瀬名秀明『ハル』(文春文庫)

私なんぞに書かれたくはないだろうが瀬名さんて、物語を書くのが(小説技法というほうがいいのかな)ヘタだと思う。ではどこに魅力があるのかというと題材の捉え方だろうと思う。そしてこの『ハル』という物語の魅力もそこにある。この小説は近未来のロボットを描いたSF連作集である。短編の積み重ねが人とロボットの共生が始った頃の年代記にもなっている。現在の技術レベルを元に近い将来作られるであろうロボットの形を提示し、どう人間と共に歩むのかを描いていく。そしてそこに『鉄腕アトム』というある年代には夢であり友達であったロボットの存在の功罪を絡めていく。ロボットに心を見出せるのか、正義のありようとは、生命とは。

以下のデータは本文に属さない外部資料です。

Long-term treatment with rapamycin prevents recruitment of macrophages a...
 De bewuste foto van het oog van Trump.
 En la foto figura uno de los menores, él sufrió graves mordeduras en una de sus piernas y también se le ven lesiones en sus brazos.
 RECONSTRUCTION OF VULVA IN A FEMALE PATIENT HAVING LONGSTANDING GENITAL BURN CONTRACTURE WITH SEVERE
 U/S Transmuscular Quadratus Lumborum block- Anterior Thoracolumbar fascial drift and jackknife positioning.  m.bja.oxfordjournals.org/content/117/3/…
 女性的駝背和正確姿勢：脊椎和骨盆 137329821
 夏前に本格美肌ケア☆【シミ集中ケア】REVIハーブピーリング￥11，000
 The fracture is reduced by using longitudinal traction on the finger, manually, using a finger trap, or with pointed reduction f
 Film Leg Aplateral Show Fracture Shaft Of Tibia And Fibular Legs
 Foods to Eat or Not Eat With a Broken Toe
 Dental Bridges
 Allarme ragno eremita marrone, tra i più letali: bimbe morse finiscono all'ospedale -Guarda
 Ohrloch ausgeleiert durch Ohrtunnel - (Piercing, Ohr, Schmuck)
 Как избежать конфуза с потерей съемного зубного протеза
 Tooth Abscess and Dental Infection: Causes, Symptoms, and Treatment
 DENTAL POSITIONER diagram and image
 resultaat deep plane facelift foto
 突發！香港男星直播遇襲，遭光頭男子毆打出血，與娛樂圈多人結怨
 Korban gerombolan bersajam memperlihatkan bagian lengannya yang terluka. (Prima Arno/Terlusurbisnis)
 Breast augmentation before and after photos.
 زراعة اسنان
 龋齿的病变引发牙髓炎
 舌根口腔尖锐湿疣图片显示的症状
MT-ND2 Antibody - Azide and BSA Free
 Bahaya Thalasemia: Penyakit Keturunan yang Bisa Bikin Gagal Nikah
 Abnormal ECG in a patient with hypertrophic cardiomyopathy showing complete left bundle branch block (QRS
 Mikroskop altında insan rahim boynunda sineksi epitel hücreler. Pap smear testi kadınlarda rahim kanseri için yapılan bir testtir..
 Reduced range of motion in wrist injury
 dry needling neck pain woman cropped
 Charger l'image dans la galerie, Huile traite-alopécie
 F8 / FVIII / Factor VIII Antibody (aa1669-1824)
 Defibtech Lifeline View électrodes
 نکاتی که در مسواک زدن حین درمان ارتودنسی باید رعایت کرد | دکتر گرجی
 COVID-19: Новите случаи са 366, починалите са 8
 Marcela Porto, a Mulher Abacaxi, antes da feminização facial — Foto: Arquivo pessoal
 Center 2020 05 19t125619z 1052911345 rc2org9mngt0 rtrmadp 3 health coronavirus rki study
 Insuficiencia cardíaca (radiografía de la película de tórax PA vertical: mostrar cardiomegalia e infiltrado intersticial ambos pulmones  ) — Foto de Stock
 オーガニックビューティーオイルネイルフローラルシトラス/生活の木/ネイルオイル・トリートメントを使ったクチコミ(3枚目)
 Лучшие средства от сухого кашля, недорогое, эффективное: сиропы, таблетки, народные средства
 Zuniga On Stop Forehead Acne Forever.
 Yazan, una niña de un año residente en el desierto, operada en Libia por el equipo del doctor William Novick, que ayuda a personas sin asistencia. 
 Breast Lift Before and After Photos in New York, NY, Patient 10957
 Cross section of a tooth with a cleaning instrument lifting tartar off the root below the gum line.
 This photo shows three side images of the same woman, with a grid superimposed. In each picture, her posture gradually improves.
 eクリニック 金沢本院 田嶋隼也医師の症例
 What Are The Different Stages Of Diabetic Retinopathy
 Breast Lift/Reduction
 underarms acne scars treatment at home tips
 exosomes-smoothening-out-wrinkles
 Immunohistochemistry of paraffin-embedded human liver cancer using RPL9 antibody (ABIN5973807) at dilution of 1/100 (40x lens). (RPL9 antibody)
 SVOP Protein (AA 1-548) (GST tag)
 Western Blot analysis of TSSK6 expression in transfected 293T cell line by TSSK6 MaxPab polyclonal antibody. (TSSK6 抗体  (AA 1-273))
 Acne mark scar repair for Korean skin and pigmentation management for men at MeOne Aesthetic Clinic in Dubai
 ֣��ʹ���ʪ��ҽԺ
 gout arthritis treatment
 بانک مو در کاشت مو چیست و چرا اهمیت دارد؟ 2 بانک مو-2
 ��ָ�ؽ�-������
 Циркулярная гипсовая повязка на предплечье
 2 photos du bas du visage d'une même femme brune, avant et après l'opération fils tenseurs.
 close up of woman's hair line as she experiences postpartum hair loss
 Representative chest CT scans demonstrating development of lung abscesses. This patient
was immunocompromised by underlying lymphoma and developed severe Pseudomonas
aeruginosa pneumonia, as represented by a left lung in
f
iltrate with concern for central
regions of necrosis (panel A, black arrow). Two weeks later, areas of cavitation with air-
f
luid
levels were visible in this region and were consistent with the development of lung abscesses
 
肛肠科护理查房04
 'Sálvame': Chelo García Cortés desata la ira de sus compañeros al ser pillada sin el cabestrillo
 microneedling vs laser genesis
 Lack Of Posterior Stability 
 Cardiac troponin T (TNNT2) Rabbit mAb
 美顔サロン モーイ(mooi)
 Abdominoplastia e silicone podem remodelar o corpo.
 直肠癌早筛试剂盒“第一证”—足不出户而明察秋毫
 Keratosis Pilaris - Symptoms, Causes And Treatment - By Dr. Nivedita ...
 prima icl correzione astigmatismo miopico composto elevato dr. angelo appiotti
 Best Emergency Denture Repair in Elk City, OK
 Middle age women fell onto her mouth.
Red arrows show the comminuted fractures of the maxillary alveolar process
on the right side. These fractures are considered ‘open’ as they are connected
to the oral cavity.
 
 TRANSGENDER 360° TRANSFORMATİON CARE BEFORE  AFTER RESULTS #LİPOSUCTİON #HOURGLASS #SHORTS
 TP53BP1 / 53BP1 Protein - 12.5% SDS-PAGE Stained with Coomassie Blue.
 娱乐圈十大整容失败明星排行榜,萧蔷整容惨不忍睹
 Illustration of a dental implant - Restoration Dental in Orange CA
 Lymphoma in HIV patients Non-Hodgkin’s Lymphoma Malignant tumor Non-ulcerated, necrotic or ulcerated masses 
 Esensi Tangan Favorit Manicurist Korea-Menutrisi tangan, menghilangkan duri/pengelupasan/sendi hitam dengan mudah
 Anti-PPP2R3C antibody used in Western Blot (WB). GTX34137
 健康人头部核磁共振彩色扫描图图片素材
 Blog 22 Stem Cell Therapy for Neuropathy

アトムが題材になっているせいもあるだろうが、未来の話なのに郷愁が漂う。またロボットと人間の共生の話は現在の現実世界での人間の営み、感覚をきちんと描き出しありうる話として説得力をもつ。ただ、「こうなるであろう」予測まではあるのだが、その先のロボットと人の共生の行き先、遠い未来へと続く道はほとんど提示していない。「魂」「霊」「想い」といった部分に還元してしまうのはどうなんだろう?そこがとても残念だった。ラストはスピルバーグ監督『A.I』と一緒や、とも思った。そんな未来ってどうよ?